The other night - as if I don’t have enough to do - I finished the book score for December and calculated total and annual sales. Unfortunately, book sales were well down last year - not sure whether that is just for me or a general trend or both but I know others have seen the same thing. Audiobook sales in particular seem to have collapsed. However, I was somewhat surprised to discover that my black-eyed kid book is now my all-time best seller! Chilling Tales of Black Eyed Kids has now sold over 2830 books and surpassed my previous best seller - Your Haunted Lives - which has sold 2700. Now, those numbers may not seem like many to you - the reader - but trust me - that’s not bad numbers for self-published books. I’m pleased. In total, my books have sold over 24,000 copies. Now, that number does not include my business books as I never tracked them as I really wasn’t able to for a variety of reasons. I imagine you can add 1000 more however.
Here is a video about that book…
For me, its fun to see and analyse the data to see the trends. My paranormal books sell ten times more than my magic books and they sell ten times more than poetry - as an example. Trying to determine what makes a book more successful though is more troublesome. How do you measure the selling value of a good cover? It seems that there is a huge element of luck involved to be honest. Some books take off while better ones die.
When my boys were young, I always kept the statistics for the sports they played. Little League football, hockey and so on. I have folders on this machine with some of those spreadsheets complete with things like passing yards, receiving yards, rushing yards for kids who I have long forgotten on the teams my son’s played on.
I guess the question we have to ask is am I well that I enjoy collecting and analysing data?
My PhD work added a whole bunch of advanced statistics too as I collected hundreds of fossil shells and then measured multiple directions on each.
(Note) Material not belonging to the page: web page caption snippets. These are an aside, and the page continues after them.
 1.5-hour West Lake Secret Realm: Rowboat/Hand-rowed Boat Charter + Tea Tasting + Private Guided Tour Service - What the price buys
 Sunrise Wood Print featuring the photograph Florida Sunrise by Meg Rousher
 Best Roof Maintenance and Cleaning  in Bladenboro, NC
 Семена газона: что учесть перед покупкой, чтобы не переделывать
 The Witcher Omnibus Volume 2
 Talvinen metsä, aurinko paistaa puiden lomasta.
I then converted them into ratios over shell length to help eliminate growth factors and plotted them using principal component analysis. This way, I was able to show a pictoral representation of variability within varieties and species and even use it as a way to identify and define new varieties. By adding grain size and color of the hosting sediment, I was able to study shell shape variation with respect to the environment that they lived in. See! I love doing stuff like that. If you want to see an example - google ‘Vasey & Bowes’ and you will find a paper published decades ago in the Geological Society of London’s journal showing some results of this. Add in the term ‘bivalves’ and you’ll be sure to find it.
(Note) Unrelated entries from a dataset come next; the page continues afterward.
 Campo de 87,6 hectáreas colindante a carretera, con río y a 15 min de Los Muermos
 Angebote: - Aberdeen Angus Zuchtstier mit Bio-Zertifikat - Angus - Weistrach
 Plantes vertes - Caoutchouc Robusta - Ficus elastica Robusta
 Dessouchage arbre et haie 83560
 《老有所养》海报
Data is often the key to creating ideas and hypotheses. Which is why I reject quite a lot of the climate scare science in which they find reasons to modify the data to suit their idea. That’s not science. That’s politics and religion. They also collect data in biased ways looking for a particular result - ie collecting temperature data in locations where there is a strong warming trend due to a change in use of the location - for example, an airport weather monitoring station that is now next to an air vent from a heated building. Data is easily manipulated. And trust me - many so-called scientists will do that to support a current theory if it means they get money, recognition and support. Science is as corrupt as politics these days I think.
Have a great weekend.
I've just finished the last observer and loved it. I love a bit fiction and thought this genre of fiction is perfect as it's believable, very believable actually. Any sign of a follow up?